N radiobeacons are located on the plane. Their exact positions are unknown but we know that N ≤ 10 and that their coordinates are integers from 1 to 200. Each beacon produces unique signal, that distinguishes it from the other beacons.

In some different places, we should call them checkpoints, coordinates of which are well known, there were conducted measurements. As a result of these measurements distances from checkpoints to some of beacons became known. Here we should note, that the distance between points A and B equals max(|A_x − B_x|, |A_y − B_y|).

You need to get positions of all beacons basing on coordinates of the checkpoints and results of measurements, if that is possible.

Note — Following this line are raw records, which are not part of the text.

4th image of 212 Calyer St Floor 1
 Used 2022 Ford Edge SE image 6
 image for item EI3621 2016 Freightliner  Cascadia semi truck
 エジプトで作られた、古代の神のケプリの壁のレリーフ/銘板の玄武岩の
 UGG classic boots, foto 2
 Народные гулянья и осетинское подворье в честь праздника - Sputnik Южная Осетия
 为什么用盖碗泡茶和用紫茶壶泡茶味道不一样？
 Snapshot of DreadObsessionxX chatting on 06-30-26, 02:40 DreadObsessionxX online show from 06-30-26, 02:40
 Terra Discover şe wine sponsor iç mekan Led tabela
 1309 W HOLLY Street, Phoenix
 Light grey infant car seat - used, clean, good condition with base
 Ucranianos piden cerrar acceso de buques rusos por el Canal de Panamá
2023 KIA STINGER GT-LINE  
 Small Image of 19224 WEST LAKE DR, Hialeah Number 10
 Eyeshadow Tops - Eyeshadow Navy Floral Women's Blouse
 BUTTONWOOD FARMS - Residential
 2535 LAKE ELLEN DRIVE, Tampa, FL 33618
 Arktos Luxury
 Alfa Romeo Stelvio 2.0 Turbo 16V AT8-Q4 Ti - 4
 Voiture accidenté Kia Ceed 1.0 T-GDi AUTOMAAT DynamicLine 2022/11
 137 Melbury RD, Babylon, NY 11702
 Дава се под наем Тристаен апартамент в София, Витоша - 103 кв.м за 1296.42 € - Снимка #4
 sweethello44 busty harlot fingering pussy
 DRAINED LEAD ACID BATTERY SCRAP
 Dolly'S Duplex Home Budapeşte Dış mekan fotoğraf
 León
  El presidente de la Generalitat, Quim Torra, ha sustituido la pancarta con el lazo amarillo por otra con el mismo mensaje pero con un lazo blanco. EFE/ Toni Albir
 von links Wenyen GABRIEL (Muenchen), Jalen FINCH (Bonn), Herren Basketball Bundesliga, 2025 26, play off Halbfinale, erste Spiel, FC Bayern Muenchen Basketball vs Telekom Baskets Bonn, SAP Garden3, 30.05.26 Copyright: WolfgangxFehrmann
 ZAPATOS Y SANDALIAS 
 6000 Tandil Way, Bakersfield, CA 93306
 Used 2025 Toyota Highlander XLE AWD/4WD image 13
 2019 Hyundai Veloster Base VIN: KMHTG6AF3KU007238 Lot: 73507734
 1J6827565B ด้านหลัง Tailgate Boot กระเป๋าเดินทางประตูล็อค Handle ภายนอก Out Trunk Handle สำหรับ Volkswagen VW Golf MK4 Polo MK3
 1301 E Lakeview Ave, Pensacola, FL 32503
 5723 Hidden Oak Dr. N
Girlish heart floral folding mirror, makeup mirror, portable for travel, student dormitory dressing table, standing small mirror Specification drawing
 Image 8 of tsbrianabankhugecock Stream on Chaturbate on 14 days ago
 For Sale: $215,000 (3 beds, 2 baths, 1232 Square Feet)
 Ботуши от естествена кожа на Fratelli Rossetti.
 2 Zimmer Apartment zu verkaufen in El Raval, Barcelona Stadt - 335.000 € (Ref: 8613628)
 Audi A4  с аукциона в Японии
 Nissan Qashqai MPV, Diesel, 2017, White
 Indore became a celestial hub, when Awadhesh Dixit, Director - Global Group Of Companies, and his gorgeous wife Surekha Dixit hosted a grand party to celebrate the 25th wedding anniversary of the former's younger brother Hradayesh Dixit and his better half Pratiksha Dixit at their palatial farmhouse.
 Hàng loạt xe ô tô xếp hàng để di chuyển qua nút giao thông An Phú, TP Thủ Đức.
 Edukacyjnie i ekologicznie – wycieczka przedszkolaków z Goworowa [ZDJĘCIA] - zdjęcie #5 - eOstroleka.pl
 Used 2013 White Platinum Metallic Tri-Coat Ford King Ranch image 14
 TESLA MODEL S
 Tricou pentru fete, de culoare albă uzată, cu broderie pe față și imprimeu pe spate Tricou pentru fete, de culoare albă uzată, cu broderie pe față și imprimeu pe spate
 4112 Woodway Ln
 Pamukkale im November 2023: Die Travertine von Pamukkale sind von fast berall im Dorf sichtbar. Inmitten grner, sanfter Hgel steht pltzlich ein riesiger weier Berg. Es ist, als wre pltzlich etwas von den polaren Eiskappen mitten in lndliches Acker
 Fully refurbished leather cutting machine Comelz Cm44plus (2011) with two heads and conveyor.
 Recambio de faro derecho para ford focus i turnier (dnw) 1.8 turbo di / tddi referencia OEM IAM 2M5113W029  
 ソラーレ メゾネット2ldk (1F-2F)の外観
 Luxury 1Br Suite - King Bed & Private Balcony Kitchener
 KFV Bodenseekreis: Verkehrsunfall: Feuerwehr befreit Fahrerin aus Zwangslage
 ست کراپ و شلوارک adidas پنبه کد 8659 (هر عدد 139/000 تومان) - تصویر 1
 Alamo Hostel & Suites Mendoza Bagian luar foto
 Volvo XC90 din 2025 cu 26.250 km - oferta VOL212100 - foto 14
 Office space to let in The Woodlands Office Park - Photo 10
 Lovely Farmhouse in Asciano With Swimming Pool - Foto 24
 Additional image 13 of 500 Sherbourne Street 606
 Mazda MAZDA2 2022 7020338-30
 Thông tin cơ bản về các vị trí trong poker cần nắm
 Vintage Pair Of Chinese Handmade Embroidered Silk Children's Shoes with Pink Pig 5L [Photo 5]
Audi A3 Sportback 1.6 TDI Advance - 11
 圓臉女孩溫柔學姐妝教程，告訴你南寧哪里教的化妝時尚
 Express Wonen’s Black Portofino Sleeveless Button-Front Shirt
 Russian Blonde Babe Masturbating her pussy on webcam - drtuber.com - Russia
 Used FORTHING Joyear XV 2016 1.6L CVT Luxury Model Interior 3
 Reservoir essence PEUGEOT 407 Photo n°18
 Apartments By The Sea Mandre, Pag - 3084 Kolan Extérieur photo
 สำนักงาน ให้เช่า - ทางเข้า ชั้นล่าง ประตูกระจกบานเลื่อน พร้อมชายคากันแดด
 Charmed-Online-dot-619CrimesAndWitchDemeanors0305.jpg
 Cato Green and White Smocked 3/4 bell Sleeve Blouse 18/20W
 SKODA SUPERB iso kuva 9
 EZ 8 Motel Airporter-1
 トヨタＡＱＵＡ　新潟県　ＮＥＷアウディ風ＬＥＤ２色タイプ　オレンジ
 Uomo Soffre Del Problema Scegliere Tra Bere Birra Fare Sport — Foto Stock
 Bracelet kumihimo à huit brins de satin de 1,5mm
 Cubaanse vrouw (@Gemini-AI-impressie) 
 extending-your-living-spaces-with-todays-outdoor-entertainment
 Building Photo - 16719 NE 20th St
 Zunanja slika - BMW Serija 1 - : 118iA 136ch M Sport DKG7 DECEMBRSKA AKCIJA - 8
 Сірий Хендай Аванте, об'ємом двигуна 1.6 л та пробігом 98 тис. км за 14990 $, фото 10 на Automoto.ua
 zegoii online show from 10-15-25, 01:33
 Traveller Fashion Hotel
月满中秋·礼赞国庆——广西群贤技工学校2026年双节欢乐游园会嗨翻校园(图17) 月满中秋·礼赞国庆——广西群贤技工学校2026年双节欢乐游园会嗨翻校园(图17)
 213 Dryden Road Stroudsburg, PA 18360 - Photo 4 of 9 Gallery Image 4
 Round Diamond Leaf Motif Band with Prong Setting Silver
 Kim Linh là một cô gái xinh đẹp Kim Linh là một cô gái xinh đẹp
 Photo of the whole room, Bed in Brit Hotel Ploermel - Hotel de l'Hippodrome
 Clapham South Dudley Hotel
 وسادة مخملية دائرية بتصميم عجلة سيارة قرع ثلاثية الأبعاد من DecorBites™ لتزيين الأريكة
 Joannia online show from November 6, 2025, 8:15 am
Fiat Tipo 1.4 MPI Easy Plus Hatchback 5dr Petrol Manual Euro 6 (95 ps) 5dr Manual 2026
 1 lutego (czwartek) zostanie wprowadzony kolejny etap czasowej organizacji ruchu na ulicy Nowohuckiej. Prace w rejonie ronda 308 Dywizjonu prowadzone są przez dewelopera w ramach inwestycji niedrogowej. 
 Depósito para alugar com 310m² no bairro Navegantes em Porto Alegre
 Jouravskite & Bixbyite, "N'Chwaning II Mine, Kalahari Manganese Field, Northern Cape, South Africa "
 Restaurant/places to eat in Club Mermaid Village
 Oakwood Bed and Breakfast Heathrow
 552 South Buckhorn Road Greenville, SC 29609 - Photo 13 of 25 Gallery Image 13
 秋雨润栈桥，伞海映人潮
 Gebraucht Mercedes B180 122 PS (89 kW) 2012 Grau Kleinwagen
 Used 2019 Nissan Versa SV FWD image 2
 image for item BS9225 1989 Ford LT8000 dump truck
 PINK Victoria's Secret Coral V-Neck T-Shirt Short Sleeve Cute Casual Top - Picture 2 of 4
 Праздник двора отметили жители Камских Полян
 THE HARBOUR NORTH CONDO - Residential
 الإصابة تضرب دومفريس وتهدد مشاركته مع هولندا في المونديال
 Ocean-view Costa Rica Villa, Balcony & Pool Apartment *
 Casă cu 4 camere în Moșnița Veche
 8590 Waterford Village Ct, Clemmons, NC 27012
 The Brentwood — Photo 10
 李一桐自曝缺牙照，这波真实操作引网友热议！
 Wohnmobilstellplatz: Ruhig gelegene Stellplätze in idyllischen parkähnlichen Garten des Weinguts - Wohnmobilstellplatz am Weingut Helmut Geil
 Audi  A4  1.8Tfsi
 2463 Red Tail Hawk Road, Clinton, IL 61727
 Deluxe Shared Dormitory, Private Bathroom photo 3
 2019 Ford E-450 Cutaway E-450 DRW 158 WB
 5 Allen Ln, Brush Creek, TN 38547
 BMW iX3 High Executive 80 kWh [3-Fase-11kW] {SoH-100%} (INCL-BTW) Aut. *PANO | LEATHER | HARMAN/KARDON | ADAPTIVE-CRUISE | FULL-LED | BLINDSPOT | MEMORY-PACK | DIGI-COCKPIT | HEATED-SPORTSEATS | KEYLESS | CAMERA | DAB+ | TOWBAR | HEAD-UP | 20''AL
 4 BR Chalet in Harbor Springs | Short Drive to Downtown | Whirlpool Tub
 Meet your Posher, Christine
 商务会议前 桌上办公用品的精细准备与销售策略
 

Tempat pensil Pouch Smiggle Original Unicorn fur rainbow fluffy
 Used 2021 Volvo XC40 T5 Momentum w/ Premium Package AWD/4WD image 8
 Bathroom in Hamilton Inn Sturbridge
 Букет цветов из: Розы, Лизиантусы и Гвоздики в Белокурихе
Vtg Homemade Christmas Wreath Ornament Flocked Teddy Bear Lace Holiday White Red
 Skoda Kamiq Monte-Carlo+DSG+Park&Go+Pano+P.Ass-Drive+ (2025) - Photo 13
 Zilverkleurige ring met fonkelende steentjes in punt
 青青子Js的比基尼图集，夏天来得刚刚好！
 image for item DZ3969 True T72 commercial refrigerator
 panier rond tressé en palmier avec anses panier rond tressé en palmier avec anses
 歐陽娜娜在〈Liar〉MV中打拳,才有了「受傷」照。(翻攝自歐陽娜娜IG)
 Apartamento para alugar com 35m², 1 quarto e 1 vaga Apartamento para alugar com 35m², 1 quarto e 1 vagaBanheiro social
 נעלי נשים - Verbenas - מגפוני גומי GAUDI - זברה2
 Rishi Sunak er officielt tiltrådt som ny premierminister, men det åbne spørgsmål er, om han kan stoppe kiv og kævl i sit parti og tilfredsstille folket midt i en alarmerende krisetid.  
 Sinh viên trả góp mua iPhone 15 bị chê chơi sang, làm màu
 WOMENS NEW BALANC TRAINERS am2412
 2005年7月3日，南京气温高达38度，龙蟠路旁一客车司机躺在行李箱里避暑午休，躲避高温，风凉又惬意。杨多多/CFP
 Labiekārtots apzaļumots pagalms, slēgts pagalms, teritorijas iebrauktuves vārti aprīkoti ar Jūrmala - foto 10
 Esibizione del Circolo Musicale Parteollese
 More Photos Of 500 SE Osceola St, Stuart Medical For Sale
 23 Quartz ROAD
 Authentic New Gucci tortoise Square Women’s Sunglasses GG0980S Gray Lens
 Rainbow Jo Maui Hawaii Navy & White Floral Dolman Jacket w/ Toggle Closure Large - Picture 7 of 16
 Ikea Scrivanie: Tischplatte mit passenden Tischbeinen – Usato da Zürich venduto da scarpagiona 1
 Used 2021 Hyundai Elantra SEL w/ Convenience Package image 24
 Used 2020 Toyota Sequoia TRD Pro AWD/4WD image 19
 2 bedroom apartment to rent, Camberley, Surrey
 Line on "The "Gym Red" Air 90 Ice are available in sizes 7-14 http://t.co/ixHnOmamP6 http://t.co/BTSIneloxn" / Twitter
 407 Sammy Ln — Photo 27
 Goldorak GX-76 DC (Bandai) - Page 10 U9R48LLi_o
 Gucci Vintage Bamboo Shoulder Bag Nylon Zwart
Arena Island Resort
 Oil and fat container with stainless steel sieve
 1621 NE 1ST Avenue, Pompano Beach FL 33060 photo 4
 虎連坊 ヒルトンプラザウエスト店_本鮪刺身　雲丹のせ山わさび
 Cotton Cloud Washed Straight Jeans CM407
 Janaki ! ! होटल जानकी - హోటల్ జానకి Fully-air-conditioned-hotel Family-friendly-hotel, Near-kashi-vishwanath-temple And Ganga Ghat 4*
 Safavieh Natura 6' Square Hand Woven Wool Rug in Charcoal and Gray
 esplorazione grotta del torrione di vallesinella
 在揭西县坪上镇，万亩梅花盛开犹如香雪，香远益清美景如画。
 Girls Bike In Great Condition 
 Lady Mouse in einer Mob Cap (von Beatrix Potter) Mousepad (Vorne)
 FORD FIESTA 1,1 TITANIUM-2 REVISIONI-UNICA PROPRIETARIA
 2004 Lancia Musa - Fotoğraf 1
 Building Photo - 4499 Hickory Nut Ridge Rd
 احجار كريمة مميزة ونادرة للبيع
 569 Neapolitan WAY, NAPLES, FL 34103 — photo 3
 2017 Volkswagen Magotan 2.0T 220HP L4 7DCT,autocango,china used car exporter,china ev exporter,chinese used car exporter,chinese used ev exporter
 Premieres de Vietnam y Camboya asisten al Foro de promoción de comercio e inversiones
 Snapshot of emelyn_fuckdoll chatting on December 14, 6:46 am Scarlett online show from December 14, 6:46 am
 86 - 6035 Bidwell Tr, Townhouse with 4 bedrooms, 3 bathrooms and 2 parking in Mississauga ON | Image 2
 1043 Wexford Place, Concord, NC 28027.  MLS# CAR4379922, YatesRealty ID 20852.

First line contains an integer M, the number of checkpoints. 1 ≤ M ≤ 20. Then M lines follow, each of them contains an information received from one of the checkpoints, formatted as follows:

<X_i>,<Y_i>:<ID₁>-<R₁>[,<ID₂>-<R₂>][,…]

where X_i, Y_i are coordinates of checkpoints, ID_k is ID of beacon k, R_k is a distance from checkpoint i to beacon k. Coordinates of checkpoints are integers from 1 to 200. Each checkpoint measures at least one signal. IDs of beacons are integers from 1 to 30000.

Output should consist of N lines describing positions of the beacons. If there is exactly one position (x_k, y_k) of the k'th beacon satisfying the results of measurements and such that 1 ≤ x_k, y_k ≤ 200, you should output <ID_k>:<x_k>,<y_k> in the k'th line (ID_k is ID of the k'th beacon). In the other case you should output <ID_k>:UNKNOWN in the k'th line. All lines should be ordered by ID_k in an ascending order.

It is guaranteed that measurements are consistent, i.e. the solution always exists, but may be ambiguous.